So what, then, are Diaz's concerns? We can look at this collection as one that offers us a lot of ideas about women's roles in Dominican culture, about religion and its situation within families as ritual practice rather than spiritual litany, about quests for machismo and manhood, about movement from rural to urban or from one country to another. These ideas about movement are really interesting to me. How does Yunior's development -- as we piece it together -- into a man correspond to his movement, the movement Diaz describes him experiencing. All of his revelations occur as a consequence of travel (whether on a bus to go beat up Ysrael or a plane to come to the United States or a delivery truck to deliver a pool table or a VW bus to go to his auntie's house for a party). There is a lot of travel in this collection.

Just a few more ideas to consider as you reflect on Drown: we discussed masks after reading the first third of the collection. Cristian spoke about how these stories are about the various disguises people wear, as protections, as artifice, as culturally mandated performances. As these masks are peeled back, we see glimmers of empathy. We see the truths the underlay the bravura or performance of a man or within a family or of a conversation that mimics codes of behavior. Ysrael is a character who literally wears a mask, but there are versions of masks scattered throughout this collection. We also thought about masks or disguises historically and culturally, ranging from the ways in which women's bodies have been arrayed, draped, and disguised over time, or the ways in which certain religions require covering of bodies (from Islam to Catholicism -- think of a nun's habit). We see a lot of masks in these stories but we also see a lot of purging and undressing (from vomiting to the peeling off of clothes during sexual encounters). What does disrobing and purging, as we see it in these stories, tell us about "truth"?

Now, as for style, some of you were not big fans of Diaz's textual tactics. You offered that his characters lacked emotional depth or subtlety.

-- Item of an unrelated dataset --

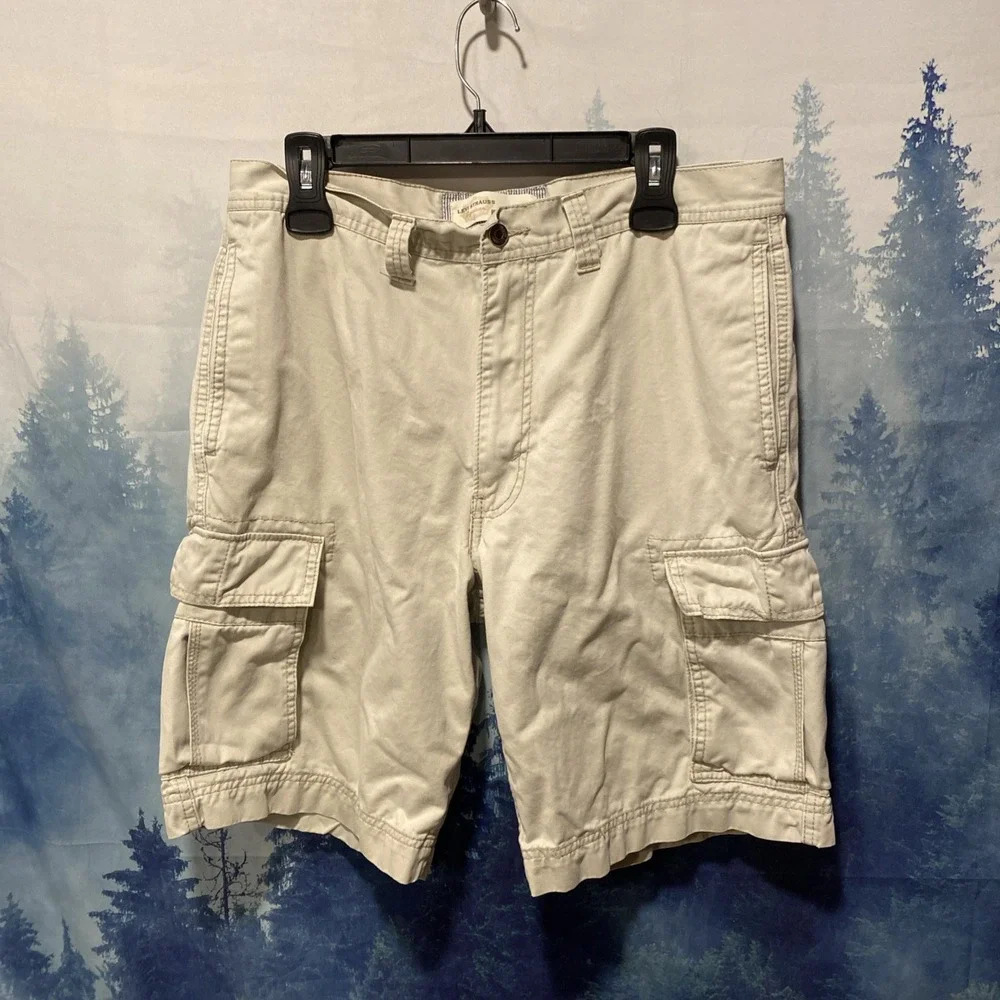 Levis Shorts Mens 34 Khaki Cargo Distressed Utility Baggy Workwear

Why do you think that? What textual examples can you offer to show that? Also, we talked about the fact that these stories were originally (many of them) published in magazines that publish fiction and thoughtful reporting on current affairs (namely, as one example, The New Yorker). Why does it matter that these stories were published in various places originally and were then, later, collected into a single volume? What impact does this publication history have on your understanding of this collection's "style"?

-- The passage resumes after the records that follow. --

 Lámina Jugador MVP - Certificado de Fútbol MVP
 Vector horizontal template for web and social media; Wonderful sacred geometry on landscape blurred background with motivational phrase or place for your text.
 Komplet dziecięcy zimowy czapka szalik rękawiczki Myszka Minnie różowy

Finally, think about this collection as a study of fatherhood and fathers' roles. Is it viable to think about this collection that way? Would it have been still a story of the challenges and betrayals within father/son/family relationships if there had been no geographical movement? What does travel, or immigration in this case, do to this collection as a series of considerations about father/son relationships? Does it add a certain dimensionality? Does it thus allow this text to comment on the evolution of these relationships in emergent American families?